落語 付き馬
吉原のある店に金持ち風の男がと登楼してくる。その晩 男は芸者や幇間入り乱れてのドンちゃん騒ぎ
翌朝 店の若い衆が勘定書を持って行くと男は「昨晩は久しぶりに楽しかった これからも贔屓にしてやるぞ」と上機嫌
高額の勘定書を見ても「ずいぶん安いますます気に入った」
ところが男はお金を払う段になると、「散歩中にフラリと立ち寄ったせいで 大きいの(金)がない」と言い出す
すぐに払ってもらえると思っていたのに勘定が取れず困惑する若い衆にこんな提案をする
男:
「両国におじさんが住んでいるから一緒に来てくれないか?」
またまた困惑する若い衆だが
男:
「忙しいところ来てもらうんだ 多少のお礼はさせてもらうから付き合ってくれ」
男に丸め込まれる形で付き馬として店を出る若い衆。心配する若い衆を横目に男は道中で 「朝風呂に行こう」、「鰻で一杯やろう」
その度に若い衆に代金を立て替えさせる だんだん不審に思えてきたところで
男:
「あそこが伯父さんの家だよ」
男が指差したのは早桶屋(棺桶屋)
男:
「伯父さんと話を付けてくるからここで待っていてくれないか?」
男はそういい残すと早桶屋の中へ そこの店主に大声で話し始める 外で待っている若い衆にも聞こえるくらいの大声で
男:
「おじさん!お願いがあります!」
あとは聞こえないようなボソボソした声で
男:
「あそこにいる男の兄貴が昨夜死にまして…」
店主に特注の棺桶を注文すると再び大声で
男:
「引き受けてくれますか!ありがとうございます!」
若い衆は聞こえてくる声を聞いて 「話がまとまったらしい」と一安心
「後はおじさんがなんとかしてくれるそうだから私はこれで」と立ち去ってしまう男
残された若い衆と早桶屋の主人は
主人:
「昨夜のことなんだって?たいへんだったねえ」
若い衆:
「急なことでしたのでてんやわんやでした」
主人:
「さびしかったろう?」
若い衆:
「でも いつかお会いできると思いますよ」
お互い別のことを考えているのになんとなく会話が成立してしまう
しばらく話していると「さあ出来たぞ」と店の奥から大きな棺おけが運ばれてくる
もちろん注文した覚えがないので「いらない」という若い衆 ここへ来た顛末を早桶屋の主人に話すと
主人:
「ああ それは騙されたんだ 気の毒だがこんな特注品どうしようもないから引き取ってもらうぞ!」
男に散々立替をさせられてお金を持っていないというと
主人:
「なんだと?おい誰か中(吉原)まで馬に行け!」
落語付き馬オチの馬に行けの意味とは?
落語付き馬のオチの解説
まず付き馬とは(主に遊郭で)お金が足りない客の家に同行してお金を取り立てに行く店員またはその行為のこと。
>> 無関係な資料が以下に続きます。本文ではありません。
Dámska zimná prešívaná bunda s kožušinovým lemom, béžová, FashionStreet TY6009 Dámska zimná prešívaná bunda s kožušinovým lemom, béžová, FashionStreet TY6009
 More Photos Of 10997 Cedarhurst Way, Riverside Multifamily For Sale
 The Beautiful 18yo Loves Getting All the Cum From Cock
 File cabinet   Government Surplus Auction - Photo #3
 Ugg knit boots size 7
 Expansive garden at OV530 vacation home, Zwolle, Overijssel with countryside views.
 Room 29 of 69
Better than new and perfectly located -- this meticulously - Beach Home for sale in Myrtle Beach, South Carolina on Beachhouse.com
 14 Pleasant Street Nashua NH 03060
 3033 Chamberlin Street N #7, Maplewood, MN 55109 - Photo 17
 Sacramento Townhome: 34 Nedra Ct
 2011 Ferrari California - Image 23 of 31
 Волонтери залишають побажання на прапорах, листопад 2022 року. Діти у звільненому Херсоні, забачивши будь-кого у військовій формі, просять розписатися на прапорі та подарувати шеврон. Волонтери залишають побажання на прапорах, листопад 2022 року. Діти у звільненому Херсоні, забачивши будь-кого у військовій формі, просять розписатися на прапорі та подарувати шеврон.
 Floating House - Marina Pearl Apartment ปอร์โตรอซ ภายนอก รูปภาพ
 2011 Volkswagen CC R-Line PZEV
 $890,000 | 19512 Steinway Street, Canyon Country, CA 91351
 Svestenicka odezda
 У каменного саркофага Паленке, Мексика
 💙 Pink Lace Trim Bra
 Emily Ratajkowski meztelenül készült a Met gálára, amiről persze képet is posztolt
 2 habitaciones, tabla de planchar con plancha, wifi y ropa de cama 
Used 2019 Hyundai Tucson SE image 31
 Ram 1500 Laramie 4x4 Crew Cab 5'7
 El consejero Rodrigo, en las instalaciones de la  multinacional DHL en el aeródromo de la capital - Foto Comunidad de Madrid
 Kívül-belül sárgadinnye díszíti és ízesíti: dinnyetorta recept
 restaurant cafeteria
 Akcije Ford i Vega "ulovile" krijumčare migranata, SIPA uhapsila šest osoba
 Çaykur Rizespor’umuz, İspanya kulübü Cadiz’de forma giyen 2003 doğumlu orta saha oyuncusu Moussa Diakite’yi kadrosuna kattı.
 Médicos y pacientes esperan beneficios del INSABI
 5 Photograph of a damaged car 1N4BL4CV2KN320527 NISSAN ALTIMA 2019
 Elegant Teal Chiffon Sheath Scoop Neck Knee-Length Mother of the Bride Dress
付き馬に出たはずの店員が客に言葉巧みに騙されて、逆に付き馬を連れて店に帰らされるという意味のオチ
規格外の棺桶を特注で作らせて時間を稼いでいる間に本人はドロン。勘定を踏み倒したというわけです。
元々付き馬は馬子(馬を引いて人や荷物を運ぶ人足)が副業でやっていたのが語源と言われています。